Entries taken from a collection
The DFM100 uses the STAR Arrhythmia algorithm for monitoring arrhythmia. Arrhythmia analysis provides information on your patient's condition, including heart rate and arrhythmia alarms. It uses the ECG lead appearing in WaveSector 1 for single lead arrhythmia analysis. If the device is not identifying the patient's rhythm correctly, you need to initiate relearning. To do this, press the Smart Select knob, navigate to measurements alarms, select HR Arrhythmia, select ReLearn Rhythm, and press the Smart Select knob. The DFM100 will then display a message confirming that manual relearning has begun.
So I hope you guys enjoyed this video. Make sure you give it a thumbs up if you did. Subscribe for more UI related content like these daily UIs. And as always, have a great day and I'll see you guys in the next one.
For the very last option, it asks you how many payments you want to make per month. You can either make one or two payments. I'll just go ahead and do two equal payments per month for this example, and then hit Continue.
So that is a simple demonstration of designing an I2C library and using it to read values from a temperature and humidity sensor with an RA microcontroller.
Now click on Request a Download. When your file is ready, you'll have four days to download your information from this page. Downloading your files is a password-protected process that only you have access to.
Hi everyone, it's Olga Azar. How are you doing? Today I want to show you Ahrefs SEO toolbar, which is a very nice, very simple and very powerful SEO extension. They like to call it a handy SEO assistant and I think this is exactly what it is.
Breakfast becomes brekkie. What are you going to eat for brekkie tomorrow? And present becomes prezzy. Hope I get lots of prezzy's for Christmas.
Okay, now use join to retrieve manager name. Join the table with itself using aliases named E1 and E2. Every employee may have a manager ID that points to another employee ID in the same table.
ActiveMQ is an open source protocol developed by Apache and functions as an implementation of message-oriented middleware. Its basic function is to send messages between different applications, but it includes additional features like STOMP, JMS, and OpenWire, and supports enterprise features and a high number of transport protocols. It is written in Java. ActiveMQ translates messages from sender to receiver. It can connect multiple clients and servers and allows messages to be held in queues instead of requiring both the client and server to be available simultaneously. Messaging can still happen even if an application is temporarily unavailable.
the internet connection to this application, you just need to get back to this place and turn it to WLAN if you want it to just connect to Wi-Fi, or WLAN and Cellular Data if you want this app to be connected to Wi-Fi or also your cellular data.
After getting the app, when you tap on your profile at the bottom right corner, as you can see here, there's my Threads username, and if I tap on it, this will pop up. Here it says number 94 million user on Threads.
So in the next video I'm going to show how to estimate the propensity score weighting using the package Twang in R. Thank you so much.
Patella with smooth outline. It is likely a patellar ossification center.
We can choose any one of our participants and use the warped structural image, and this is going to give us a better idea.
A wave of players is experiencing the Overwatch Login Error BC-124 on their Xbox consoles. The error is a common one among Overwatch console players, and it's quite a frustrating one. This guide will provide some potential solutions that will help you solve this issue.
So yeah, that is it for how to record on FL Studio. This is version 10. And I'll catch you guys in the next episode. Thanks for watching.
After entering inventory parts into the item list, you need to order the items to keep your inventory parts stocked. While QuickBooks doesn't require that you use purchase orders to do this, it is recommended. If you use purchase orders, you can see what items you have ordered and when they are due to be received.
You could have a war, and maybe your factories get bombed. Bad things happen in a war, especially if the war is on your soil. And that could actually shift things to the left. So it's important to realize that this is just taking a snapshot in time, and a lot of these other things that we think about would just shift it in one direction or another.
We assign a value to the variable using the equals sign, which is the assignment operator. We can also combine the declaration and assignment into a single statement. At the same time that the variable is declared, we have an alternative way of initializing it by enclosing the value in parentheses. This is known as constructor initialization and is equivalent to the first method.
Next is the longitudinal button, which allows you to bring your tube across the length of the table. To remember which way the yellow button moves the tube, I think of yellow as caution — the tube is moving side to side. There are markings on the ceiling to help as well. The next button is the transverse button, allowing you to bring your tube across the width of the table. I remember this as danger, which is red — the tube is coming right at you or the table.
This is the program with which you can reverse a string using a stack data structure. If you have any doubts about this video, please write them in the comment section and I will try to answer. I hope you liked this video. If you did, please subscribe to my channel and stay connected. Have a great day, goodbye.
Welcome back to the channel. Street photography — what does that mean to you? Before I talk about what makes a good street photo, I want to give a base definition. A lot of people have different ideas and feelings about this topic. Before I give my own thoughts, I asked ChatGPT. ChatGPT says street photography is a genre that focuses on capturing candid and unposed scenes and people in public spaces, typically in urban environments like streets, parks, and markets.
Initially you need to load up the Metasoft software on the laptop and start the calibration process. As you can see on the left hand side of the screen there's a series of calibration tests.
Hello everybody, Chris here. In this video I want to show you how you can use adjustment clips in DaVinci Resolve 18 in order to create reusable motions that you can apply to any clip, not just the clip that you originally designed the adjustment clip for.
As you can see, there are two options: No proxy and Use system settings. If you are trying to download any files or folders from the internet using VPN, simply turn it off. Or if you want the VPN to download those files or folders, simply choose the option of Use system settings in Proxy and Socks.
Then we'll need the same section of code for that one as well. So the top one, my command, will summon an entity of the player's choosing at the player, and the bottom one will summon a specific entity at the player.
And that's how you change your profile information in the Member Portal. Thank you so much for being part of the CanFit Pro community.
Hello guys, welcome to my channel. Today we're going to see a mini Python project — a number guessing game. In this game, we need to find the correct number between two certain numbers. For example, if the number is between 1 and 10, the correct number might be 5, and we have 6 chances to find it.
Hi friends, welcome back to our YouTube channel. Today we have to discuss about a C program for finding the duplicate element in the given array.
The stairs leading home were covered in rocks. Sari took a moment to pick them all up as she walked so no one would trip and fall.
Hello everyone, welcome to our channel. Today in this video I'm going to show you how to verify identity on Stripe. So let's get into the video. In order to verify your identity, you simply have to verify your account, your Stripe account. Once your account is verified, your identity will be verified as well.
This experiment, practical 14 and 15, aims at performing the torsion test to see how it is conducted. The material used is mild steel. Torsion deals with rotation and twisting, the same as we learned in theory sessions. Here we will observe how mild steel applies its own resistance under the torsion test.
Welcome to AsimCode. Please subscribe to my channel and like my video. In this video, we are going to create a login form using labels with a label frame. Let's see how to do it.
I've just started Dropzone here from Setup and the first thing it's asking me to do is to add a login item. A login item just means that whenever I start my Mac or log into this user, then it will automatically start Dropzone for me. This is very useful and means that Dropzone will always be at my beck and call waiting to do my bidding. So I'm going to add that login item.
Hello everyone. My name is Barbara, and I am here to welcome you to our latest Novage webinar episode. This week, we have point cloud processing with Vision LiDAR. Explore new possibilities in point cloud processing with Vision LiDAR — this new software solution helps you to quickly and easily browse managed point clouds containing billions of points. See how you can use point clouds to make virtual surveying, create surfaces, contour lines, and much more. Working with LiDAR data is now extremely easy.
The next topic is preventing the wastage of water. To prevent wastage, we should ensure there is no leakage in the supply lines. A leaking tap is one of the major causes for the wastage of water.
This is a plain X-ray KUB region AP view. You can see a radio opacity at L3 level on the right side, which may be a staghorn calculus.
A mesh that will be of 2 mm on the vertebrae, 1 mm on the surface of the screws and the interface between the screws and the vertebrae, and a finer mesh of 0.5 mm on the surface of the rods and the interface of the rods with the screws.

WHAT NEEDS TO BE DONE ::
Please transcribe the records exactly from their first line through the line holding "Okay, now use", and leave out all others.

WRITTEN ANSWER ::
The DFM100 uses the STAR Arrhythmia algorithm for monitoring arrhythmia. Arrhythmia analysis provides information on your patient's condition, including heart rate and arrhythmia alarms. It uses the ECG lead appearing in WaveSector 1 for single lead arrhythmia analysis. If the device is not identifying the patient's rhythm correctly, you need to initiate relearning. To do this, press the Smart Select knob, navigate to measurements alarms, select HR Arrhythmia, select ReLearn Rhythm, and press the Smart Select knob. The DFM100 will then display a message confirming that manual relearning has begun.
So I hope you guys enjoyed this video. Make sure you give it a thumbs up if you did. Subscribe for more UI related content like these daily UIs. And as always, have a great day and I'll see you guys in the next one.
For the very last option, it asks you how many payments you want to make per month. You can either make one or two payments. I'll just go ahead and do two equal payments per month for this example, and then hit Continue.
So that is a simple demonstration of designing an I2C library and using it to read values from a temperature and humidity sensor with an RA microcontroller.
Now click on Request a Download. When your file is ready, you'll have four days to download your information from this page. Downloading your files is a password-protected process that only you have access to.
Hi everyone, it's Olga Azar. How are you doing? Today I want to show you Ahrefs SEO toolbar, which is a very nice, very simple and very powerful SEO extension. They like to call it a handy SEO assistant and I think this is exactly what it is.
Breakfast becomes brekkie. What are you going to eat for brekkie tomorrow? And present becomes prezzy. Hope I get lots of prezzy's for Christmas.
Okay, now use join to retrieve manager name. Join the table with itself using aliases named E1 and E2. Every employee may have a manager ID that points to another employee ID in the same table.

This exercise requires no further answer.